Extensive Guide for Plotting with Seaborn

Extensive Guide for Plotting with Seaborn

Data can be visualized by representing it as plots easy to understand, explore, and grasp. To analyze a set of data using Python, we make use of Matplotlib, a widely implemented 2D plotting library. Seaborn is basically a visualization library that sits on top of Matplotlib and all it does is make it a little prettier to look at.

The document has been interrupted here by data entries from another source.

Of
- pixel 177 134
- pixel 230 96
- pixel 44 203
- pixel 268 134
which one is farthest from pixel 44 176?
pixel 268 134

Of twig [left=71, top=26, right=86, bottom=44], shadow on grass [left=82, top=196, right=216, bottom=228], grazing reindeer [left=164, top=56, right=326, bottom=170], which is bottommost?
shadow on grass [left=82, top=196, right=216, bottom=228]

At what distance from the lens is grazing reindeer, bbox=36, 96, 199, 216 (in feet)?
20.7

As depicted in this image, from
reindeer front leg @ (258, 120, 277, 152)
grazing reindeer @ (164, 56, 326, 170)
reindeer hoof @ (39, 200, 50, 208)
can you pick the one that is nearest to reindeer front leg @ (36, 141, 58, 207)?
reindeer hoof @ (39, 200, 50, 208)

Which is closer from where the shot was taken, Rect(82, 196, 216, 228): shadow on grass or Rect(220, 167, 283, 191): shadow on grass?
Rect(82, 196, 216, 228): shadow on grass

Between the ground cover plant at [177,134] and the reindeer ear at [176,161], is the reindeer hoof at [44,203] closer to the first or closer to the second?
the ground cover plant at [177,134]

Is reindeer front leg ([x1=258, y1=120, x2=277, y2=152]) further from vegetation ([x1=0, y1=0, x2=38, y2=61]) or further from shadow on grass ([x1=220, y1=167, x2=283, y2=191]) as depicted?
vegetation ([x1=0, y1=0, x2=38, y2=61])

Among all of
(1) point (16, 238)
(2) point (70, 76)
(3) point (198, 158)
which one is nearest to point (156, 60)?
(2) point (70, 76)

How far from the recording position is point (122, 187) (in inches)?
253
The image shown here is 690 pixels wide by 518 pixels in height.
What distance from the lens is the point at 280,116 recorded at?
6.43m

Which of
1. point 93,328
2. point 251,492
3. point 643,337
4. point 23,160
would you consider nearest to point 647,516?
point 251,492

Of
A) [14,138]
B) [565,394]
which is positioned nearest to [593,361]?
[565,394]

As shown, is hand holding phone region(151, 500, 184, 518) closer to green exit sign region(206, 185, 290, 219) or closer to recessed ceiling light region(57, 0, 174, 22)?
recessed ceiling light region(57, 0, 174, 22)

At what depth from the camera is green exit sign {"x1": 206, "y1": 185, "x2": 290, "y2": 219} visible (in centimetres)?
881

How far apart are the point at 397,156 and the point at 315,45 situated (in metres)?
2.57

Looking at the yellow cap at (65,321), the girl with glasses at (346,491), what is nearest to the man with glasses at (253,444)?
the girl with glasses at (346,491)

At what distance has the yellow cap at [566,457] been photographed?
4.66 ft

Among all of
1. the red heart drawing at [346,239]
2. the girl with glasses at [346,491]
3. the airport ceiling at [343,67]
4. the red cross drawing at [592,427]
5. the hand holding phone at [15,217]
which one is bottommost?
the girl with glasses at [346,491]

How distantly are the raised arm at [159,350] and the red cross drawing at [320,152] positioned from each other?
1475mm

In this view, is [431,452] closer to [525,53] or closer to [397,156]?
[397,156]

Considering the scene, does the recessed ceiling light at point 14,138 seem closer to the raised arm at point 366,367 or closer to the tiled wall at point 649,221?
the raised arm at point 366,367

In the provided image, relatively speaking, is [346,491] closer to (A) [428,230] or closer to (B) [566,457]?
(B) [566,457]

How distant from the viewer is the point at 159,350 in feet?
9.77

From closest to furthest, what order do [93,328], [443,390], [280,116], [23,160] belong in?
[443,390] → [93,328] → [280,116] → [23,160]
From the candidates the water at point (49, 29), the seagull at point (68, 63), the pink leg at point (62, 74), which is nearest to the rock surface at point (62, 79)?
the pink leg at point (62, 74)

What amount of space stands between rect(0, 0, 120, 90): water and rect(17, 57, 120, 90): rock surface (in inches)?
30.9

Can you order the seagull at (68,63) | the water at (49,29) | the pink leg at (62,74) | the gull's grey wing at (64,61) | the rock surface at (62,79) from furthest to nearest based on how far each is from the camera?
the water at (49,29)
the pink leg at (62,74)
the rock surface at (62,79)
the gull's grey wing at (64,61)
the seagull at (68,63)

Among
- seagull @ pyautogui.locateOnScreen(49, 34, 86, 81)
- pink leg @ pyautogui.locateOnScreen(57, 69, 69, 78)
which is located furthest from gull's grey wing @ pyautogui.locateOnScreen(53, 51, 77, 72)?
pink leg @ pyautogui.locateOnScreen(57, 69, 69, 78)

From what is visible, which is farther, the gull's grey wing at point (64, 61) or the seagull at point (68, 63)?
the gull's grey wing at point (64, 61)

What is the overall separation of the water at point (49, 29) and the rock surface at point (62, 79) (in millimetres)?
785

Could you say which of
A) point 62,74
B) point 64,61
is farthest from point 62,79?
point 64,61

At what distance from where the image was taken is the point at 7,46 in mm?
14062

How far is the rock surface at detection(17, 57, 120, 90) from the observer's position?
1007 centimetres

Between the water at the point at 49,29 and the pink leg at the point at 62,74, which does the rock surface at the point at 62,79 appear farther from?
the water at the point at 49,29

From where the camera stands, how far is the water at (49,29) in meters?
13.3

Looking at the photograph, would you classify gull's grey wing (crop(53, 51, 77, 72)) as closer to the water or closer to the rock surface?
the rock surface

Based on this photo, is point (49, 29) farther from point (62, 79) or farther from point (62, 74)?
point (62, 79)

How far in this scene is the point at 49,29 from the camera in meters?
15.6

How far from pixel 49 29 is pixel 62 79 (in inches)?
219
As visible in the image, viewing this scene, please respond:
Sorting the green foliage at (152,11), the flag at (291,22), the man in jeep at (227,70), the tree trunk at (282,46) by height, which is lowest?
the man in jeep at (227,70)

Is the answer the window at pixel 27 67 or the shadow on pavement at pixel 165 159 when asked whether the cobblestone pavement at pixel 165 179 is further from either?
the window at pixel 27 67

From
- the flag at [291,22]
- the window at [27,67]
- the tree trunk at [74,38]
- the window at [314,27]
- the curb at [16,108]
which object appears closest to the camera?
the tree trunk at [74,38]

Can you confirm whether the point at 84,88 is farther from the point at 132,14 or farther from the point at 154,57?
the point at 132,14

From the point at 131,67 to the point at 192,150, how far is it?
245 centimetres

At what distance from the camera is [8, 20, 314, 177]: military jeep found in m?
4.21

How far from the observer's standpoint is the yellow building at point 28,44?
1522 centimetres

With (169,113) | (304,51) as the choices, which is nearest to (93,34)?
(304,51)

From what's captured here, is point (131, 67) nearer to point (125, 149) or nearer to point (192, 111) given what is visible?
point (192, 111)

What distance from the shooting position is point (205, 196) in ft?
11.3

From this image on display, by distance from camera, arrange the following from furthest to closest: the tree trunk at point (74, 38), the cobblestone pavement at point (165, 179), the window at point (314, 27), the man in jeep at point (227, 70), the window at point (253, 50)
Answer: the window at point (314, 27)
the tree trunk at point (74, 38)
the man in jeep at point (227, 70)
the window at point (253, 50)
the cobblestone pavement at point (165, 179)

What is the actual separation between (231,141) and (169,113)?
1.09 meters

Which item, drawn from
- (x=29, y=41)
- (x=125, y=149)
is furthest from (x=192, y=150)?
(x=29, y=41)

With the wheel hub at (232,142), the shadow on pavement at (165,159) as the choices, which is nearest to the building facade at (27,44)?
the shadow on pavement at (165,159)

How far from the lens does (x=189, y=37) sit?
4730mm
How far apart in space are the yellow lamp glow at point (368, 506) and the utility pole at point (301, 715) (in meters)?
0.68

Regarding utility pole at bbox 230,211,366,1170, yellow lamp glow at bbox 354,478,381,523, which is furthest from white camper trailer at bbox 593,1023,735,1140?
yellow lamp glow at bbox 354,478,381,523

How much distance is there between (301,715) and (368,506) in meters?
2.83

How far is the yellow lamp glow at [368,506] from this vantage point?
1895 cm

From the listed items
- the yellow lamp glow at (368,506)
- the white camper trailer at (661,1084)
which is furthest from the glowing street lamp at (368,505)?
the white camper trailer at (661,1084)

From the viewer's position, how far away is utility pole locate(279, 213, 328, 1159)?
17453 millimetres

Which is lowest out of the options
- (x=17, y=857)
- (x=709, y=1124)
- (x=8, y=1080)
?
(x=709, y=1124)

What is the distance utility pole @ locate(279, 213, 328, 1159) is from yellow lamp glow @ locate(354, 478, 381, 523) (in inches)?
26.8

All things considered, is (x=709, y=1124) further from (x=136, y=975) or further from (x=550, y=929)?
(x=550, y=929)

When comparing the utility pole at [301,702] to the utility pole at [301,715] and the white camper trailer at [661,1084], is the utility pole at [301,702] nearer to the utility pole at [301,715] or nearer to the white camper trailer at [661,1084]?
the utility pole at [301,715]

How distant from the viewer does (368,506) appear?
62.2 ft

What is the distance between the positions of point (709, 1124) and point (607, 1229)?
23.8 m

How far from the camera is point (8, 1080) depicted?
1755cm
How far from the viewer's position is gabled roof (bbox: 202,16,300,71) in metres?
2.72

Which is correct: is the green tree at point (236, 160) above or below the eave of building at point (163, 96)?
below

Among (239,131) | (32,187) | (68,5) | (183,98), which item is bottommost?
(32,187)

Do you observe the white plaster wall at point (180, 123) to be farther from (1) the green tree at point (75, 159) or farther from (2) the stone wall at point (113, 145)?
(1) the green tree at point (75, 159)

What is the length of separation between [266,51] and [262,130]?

Seaborn is an open-source that provides high-level API for visualizing the data using Python programming language. It also has a bunch of unique kinds of charts and graphs that we didn’t have in Matplotlib.

Import Aspects of Seaborn

  • Functions for visualizing univariate and bivariate distributions.
  • A function to plot statistical time series data with flexible estimation and representation of uncertainty around the estimate.
  • Functions that visualize matrices of data and use clustering algorithms to discover structure in those matrices.
  • High-level abstractions for structuring grids of plots that let you easily build complex visualizations.
  • Tools for choosing color palettes to make beautiful plots that reveal patterns in your data.
  • Several built-in themes for styling Matplotlib graphics

Install Seaborn

To install the latest release of Seaborn, you can use pip:

pip install seaborn

It’s also possible to install the released version using conda:

conda install seaborn

Alternatively, you can use pip to install the development version directly from GitHub:

pip install git+https://github.com/mwaskom/seaborn.git

Another option would be to clone the GitHub repository and install from your local copy:

pip install

Importing Seaborn

Let us import the Matplotlib library, which helps us customize our plots.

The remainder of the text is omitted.